En medio de esta tragedia, quizás no sea políticamente correcto recordar que, a fin de cuentas, todo el financiamiento de los sistemas de salud proviene de los ciudadanos, sea directamente al contratar servicios privados, o indirectamente, al pagar impuestos que alimentan la oferta estatal de los mismos. De nuestros bolsillos sale el dinero que paga el sueldo de las enfermeras, el mantenimiento de los quirófanos, los bisturís, el combustible de las ambulancias o la investigación y el desarrollo de una posible vacuna para el Covid-19 y su distribución. Y tampoco esperemos regalos o donaciones, porque la OMS ni ningún otro organismo multilateral están en capacidad de cubrir unilateralmente todo lo requerido y, lo poco o mucho que puedan aportar, igualmente es pagado por nosotros, porque ellos operan con el aporte de sus Estados miembros.
Así que la próxima vez que cualquier Presidente o Primer Ministro diga que no puede dejarse en “manos del mercado” los temas de la salud, hay que exigir una aclaratoria del alcance de lo que está planteando, porque ya de por sí el Estado participa bastante en esa área y, aunque pretendan hacernos creer lo contrario, ese mercado nunca desaparece, porque al haber una o varias personas demandando servicios de salud e interactuando con otras capaces de satisfacerlos (sean funcionarios gubernamentales o particulares privados) estaremos en presencia de un mercado, con sus posibles fallas y externalidades,  en una dinámica interacción de la que surgirán precios.

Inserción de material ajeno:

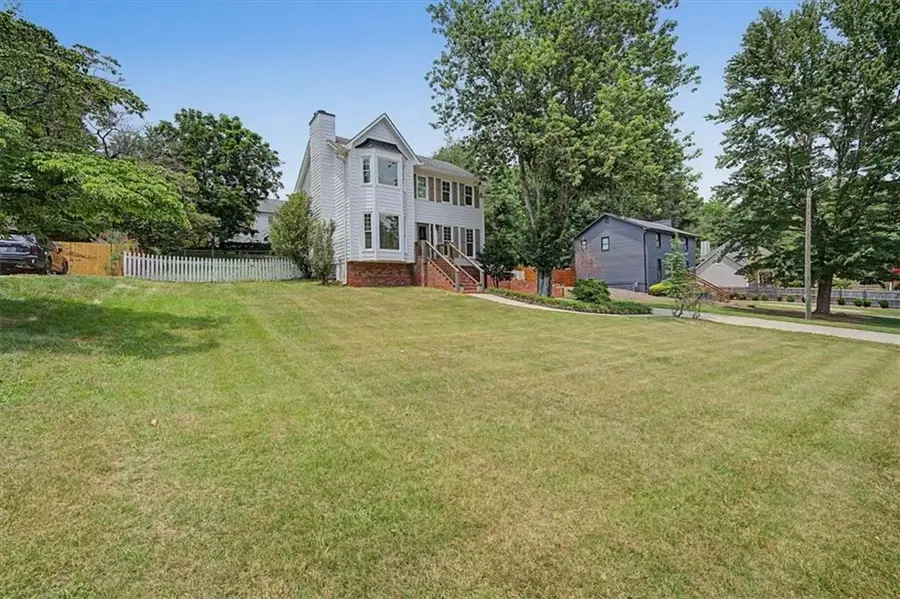 3782 Churchill Drive Sw, Marietta, GA 30064 - #3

De esta manera, la responsabilidad última de cualquier anomalía en el sistema de salud de un país -sea público, privado o mixto- recae siempre en el Estado, en su rol de regulador y garante de la organización y funcionalidad de ese sistema y de sus mercados derivados, en el que todos los ciudadanos participamos, pagamos y debemos recibir algo a cambio.
Entre el cúmulo de secuelas que el Covid-19 le dejará a la humanidad en vidas perdidas, economías deprimidas y pobreza, hay que añadir a funcionarios públicos populistas e irresponsables cuyas carreras políticas deben sufrir las consecuencias de sus acciones y omisiones en estos difíciles días para todos.